Hey I'm new to the forums. I have a Nikon D40X. I've been having trouble focusing for the last few months. I thought I just needed to get my shutter release button cleaned, but now I think it's a problem with the shutter curtain. When I take photos the top half of the photo is black. Anyone know what's causing this/is it expensive to fix or can I fix it myself??


----------



## chip (Dec 14, 2009)

I wouldn't mess with it myself. It isn't easy to fix unless you know what you are doing! I would send it back to Nikon if it is still under warranty. If you, maybe ask for a quote and see how much it costs to get it fixed. If it is more than the camera is worth, just use it for parts.


----------



## IgsEMT (Dec 14, 2009)

What's your shutter speed? are you using a flash. IF shooting at something of 1/400sec with flash indoors, it'll make sense.

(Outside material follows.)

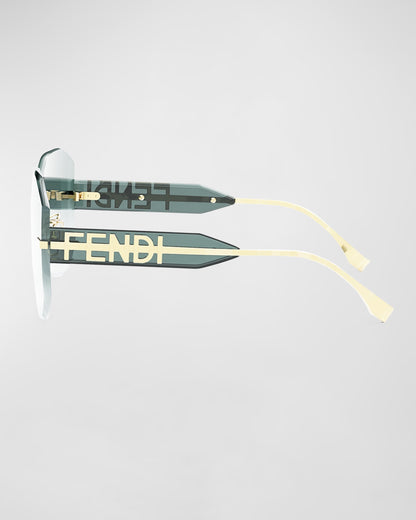 Fendigraphy Sunglasses Shiny Endura Gold / Gradient Green - FENDI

I think this video explains it well 



You can/should also contact Nikon in regards 1-800-645-6678 (main #) and if you are around NY area, 631-439-2670.
Good Luck


----------



## rvaphotographer (Dec 14, 2009)

It definitely isn't a problem with the flash. I messed with that as soon as it started to happen. I'm pretty positive my shutter is broken. Every time I press the shutter button the screen reads error: press shutter release button again.  I just don't know how it broke. Thanks for the help though.

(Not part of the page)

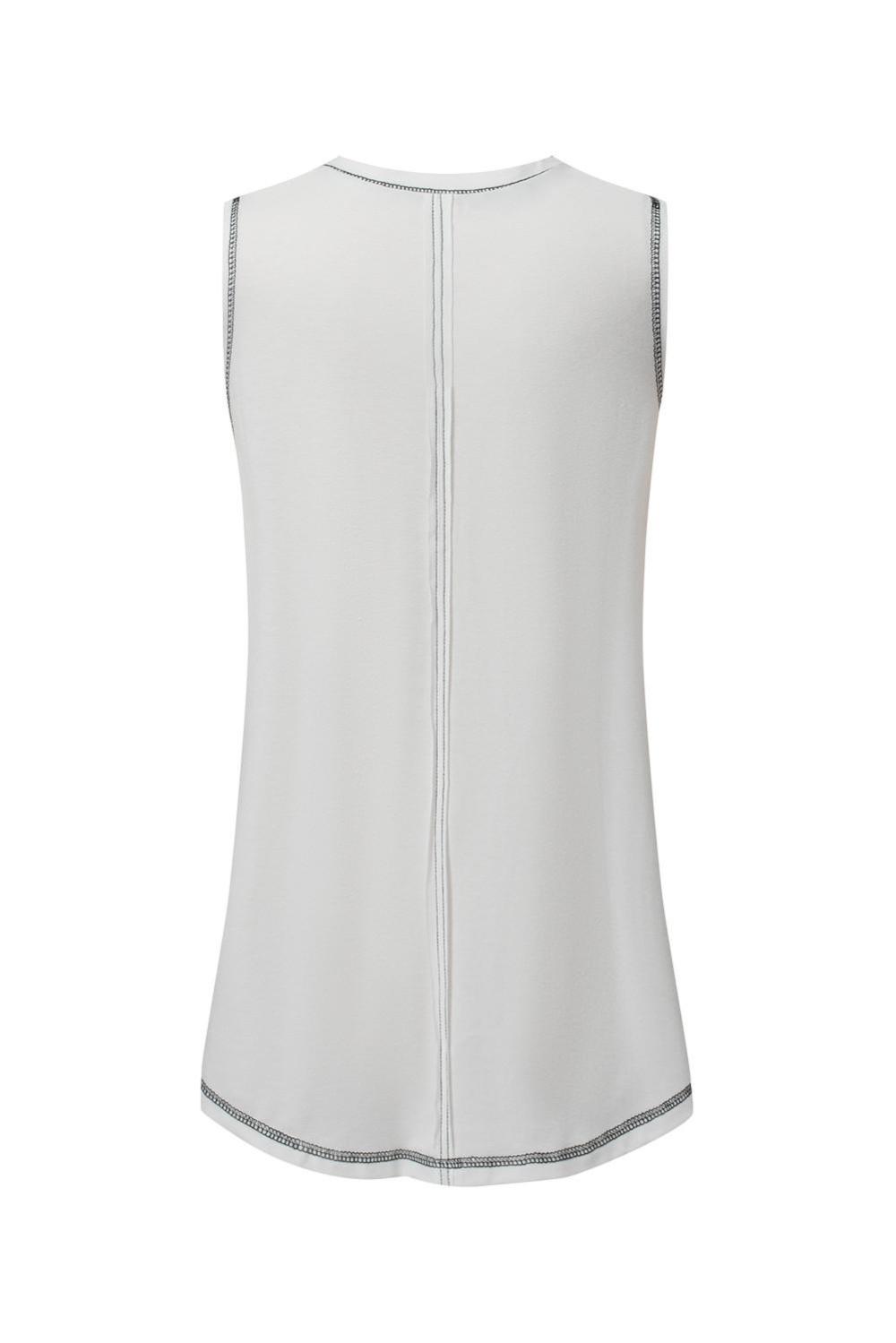 Sleeveless Tops | White Stitching Seam Henley Tank Top - Women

I'm definitely calling Nikon though. And I'm gonna have to get a quote because it isn't under warranty any more. =[


----------



## KmH (Dec 15, 2009)

rvaphotographer said:


> It definitely isn't a problem with the flash. I messed with that as soon as it started to happen. I'm pretty positive my shutter is broken. Every time I press the shutter button the screen reads error: press shutter release button again. I just don't know how it broke. Thanks for the help though.
> 
> I'm definitely calling Nikon though. And I'm gonna have to get a quote because it isn't under warranty any more. =[


The average expected shutter life on a D40 is about 50,000 clicks. Some fail sooner, some fail later. The D40's not listed but you can look at the D50 numbers: Camera Shutter Life Database

Shutter replacement will run you about $250/$300 including insured shipping to/from Nikon. Since the warranty has expired, there are several Nikon approved independent repair shops, which means Nikon will sell them replacement parts. Nikon Authorized Repair List


----------